でも、それから彼は、その先生の授業は遅刻することなく、バイクも学校まで来ることはせずに、近くの駐輪所に止めてから来るようになったそうです。
たった少しの変化かもしれませんが、彼はその先生を心配させないように彼の中で出来るだけの努力したんですね。
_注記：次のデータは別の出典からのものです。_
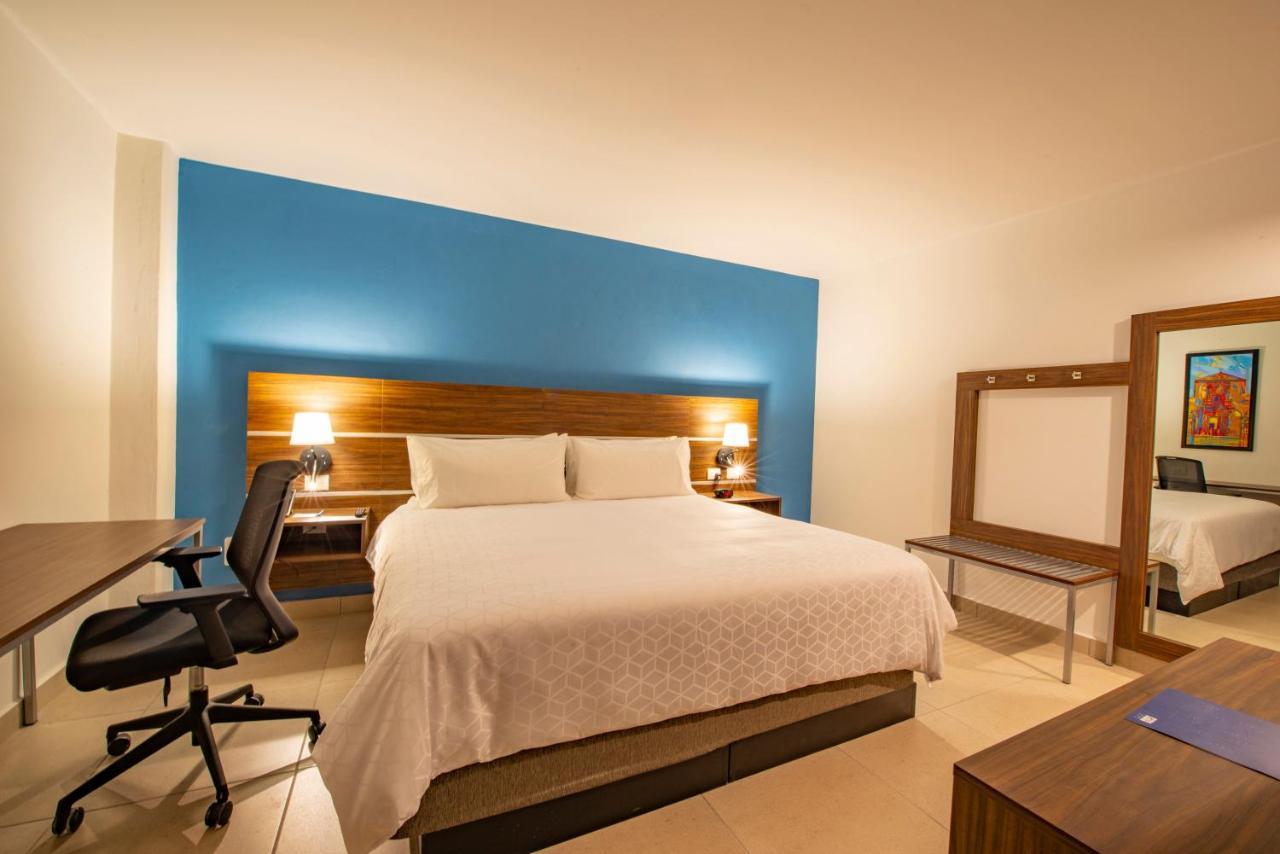Hotel Express Centro By Ihg Merida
いくら他の先生が彼の行動を直そうと説教しようが彼は変わらなかったのに
たった一声、彼の体を心配した本気の気持ちの声が彼の行動を変えたのです。
私たちは、自分の行動や、やり方、振る舞い方が間違っていた時に、
同時に自分の存在を否定してしまいます。
でも、どんな振る舞いをしようが、
私たちの存在そのものは否定されることはありません。
先生が彼の存在そのものの価値を見てくれたからこそ、
彼に変わるきっかけを与えられたのではないでしょうか?
私たちは間違った行動ややり方をやってしまうことがあります。
想いとは違い、自分や相手を傷つけてしまうことがあります。
そんな時に、その行動だけをみるのではなく、
「自分そのもの価値」「相手の存在そのもの」を見てあげることが
大切なのではないでしょうか?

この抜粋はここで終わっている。